Consider this comparison. Every Republican will tell you that, whatever you think of former president Donald Trump, he was great for the economy. In Trump’s first three years in office — before the covid-19 pandemic hit — the economy added 6.5 million jobs, according to Bureau of Labor Statistics data. In the first year and a half of Biden’s presidency — so, half the time — 9.5 million jobs have been created.

Even more remarkable, the U.S. economy has recovered all the jobs lost when the economy shut down in 2020, the most rapid employment recovery the country has ever seen.

As with all matters economic, the reasons are complex; and, of course, the large total number of jobs created reflects how far into a hole employment had fallen. But here’s one thing Democrats should never stop saying: Our approach to fixing that calamity has proved to be right.

Not that we couldn’t have done some things better. But the basic formula that was followed — pour as much money as possible into businesses, families, and local and state governments to get them through the worst of the crisis — averted what could have been prolonged catastrophe.

When covid-19 hit in 2020, Congress passed multiple rounds of pandemic relief, most notably the Cares Act, which passed almost unanimously in March 2020 (Republicans only oppose stimulus spending when there’s a Democrat in the White House). These efforts culminated with Biden signing the American Rescue Plan in March 2021. Every Republican voted against it, though many of them also tried to take credit for the provisions that helped their states and districts.

Those infusions of cash kept the economy steadily climbing out of the trough, and we’re now seeing the results. Of course, we know what Republicans would say: “But inflation! Inflation, inflation, inflation!”

Every time you turn on your TV, talking heads are highlighting inflation and Republican campaign ads say your local Democrat destroyed the economy with profligate spending.
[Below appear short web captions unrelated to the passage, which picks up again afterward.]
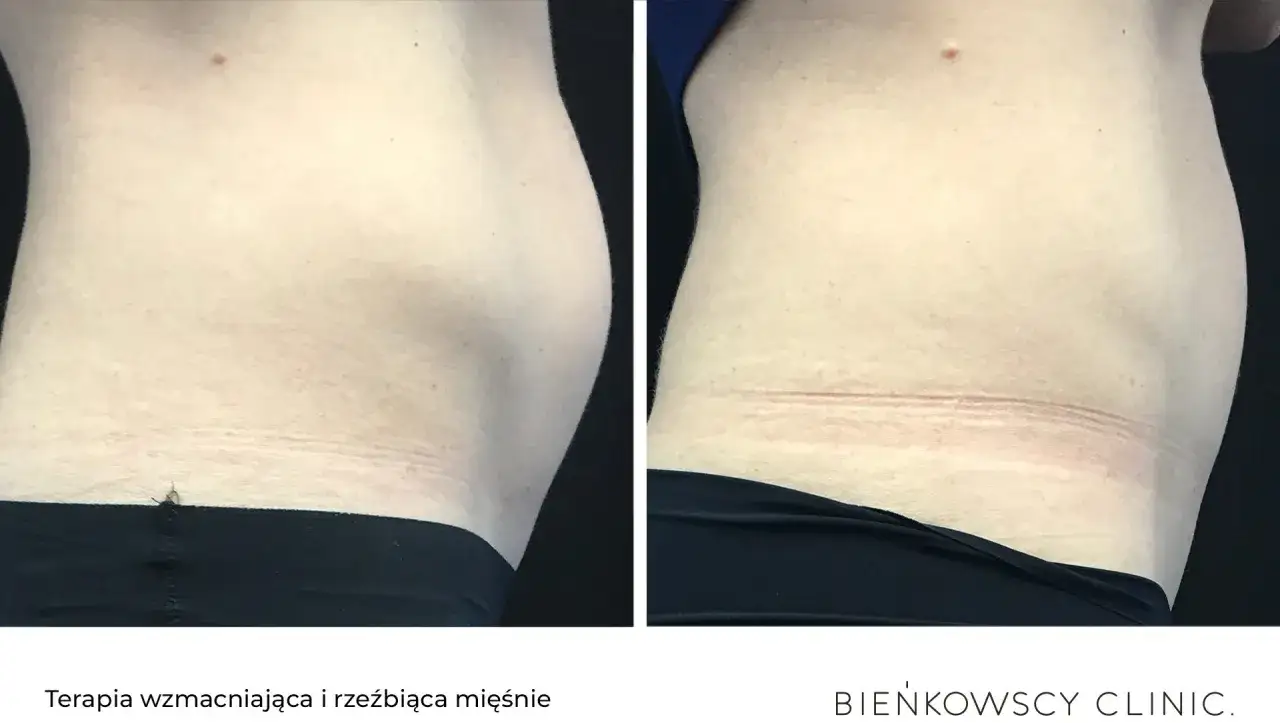 Przed i po zabiegu elektrostymulacji mięśni brzucha. Widoczna poprawa napięcia skóry i zarys mięśni.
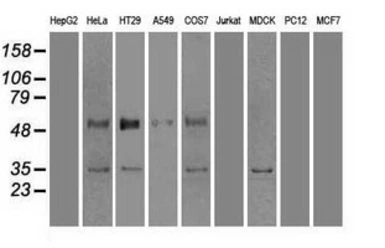 Anti-GAD67 antibody [3G9] used in Western Blot (WB). GTX84469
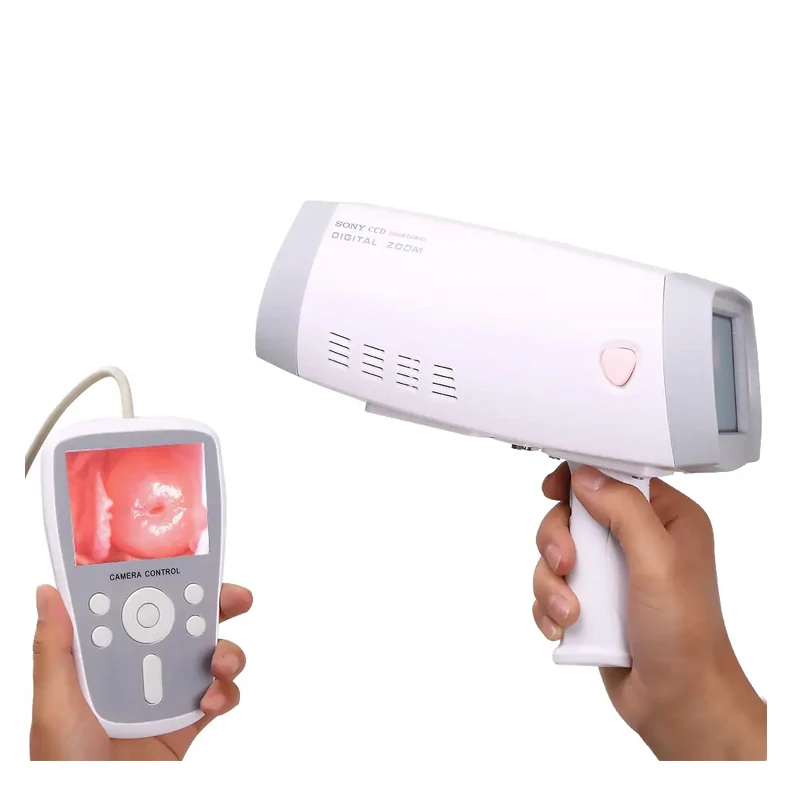 YD-220 High Quality Digital Video Vagina Colposcope Portable Colposcopy Gynecology Examination Equipment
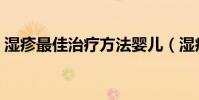 濕疹最佳治療方法嬰兒(濕疹最佳治療方法)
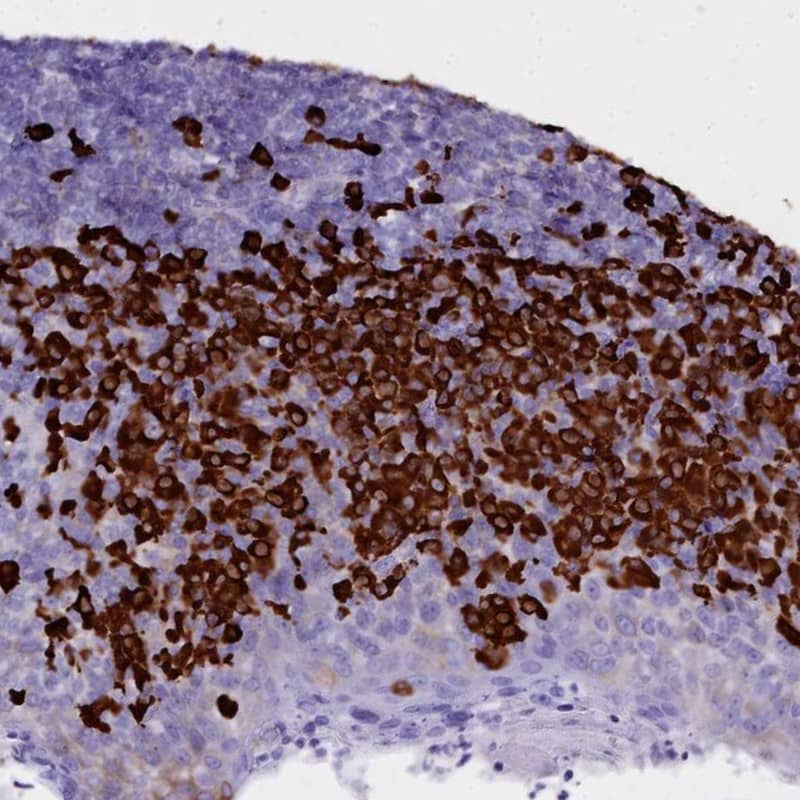 Staining of human tonsil shows high expression.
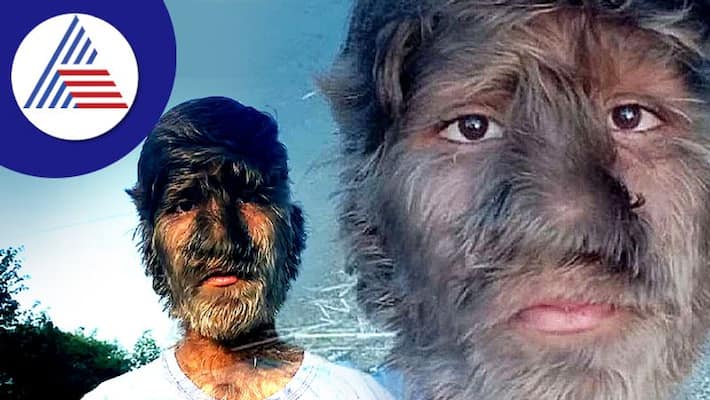 Boy With Rare Werewolf Syndrome Has Hair Growing All Over Body Vin Boy With Rare Werewolf Syndrome Has Hair Growing All Over Body Vin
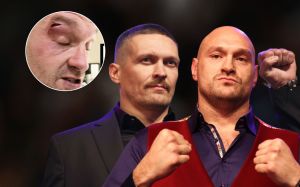 Экс-тренер Дюбуа назвал причину рассечения у Тайсона Фьюри перед боем с Александром Усиком
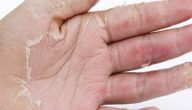 أسباب تقشير جلد اليدين عند الأطفال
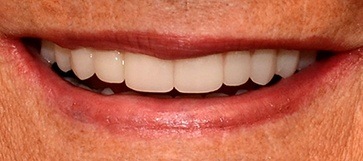 Closeup of woman's beautiful smile after hybridge denture placement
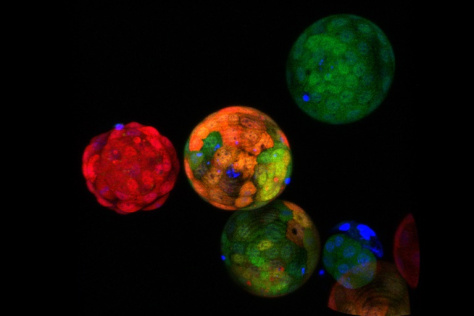 A 3D image of developing cells, with different colors represent different activation states of an epigenetic process—DNA methylation—that suppresses gene activity.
Yes, inflation is high, and how quickly it will come down is unclear. (One bright spot: In the past month and a half, the average price of gas nationally has fallen by 90 cents a gallon.) But while it’s possible the pandemic relief spending made some marginal contribution to the current inflation, if it were all Biden’s fault (and the fault of Trump and the Republicans who supported stimulus spending while he was president), then we’d be unique in how much our prices are going up.
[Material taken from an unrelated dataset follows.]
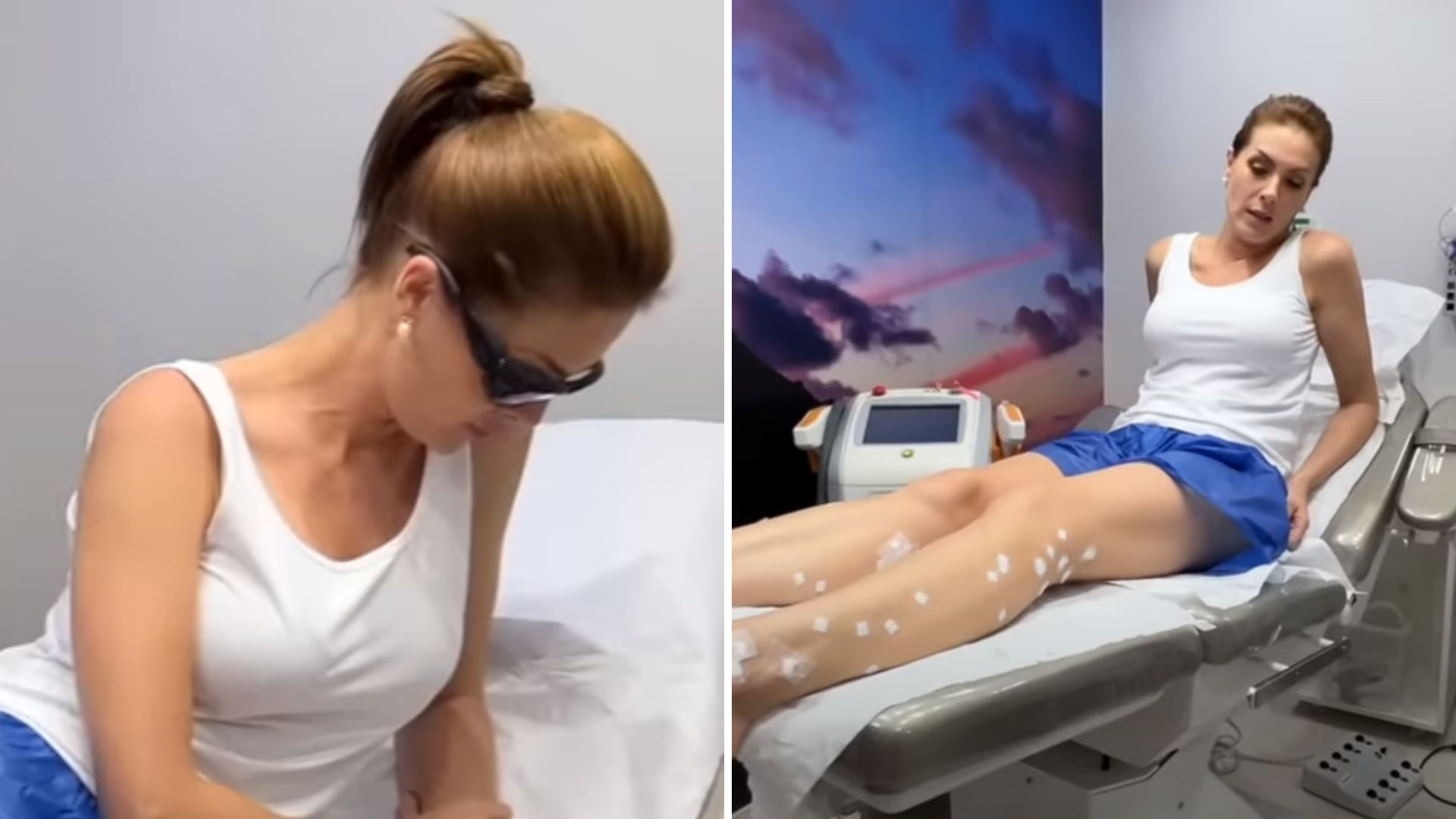 Ana Hickmann expõe problemas nas pernas: “Sofro com isso há muito tempo”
But we’re not. At the moment, inflation is a global phenomenon. Countries around the world with very different sets of economic policies are all experiencing higher prices than they had before the pandemic, and the United States places near the middle of the pack in the rate of inflation.

No one would dispute that inflation is a bad thing. But regardless of what Republicans did when Trump was in office, the argument they are now making is that having the government step in to save the economy was a terrible idea.

So they should be asked: What would you have done instead? Nothing?

Had we done nothing, millions of people who are now working would probably be unemployed. Americans would still be struggling to drag ourselves out of a nightmarish recession. The higher prices we’re seeing for milk and gas today might look like a picnic compared with what they could have been.

Republicans will never stop saying that whatever you don’t like about the economy must be the fault of Democrats. But if that’s true, it must also be true that Democrats deserve the credit for the terrific pace of job creation. If Republicans object to that, ask them why the decisions that led to this job market were so wrong.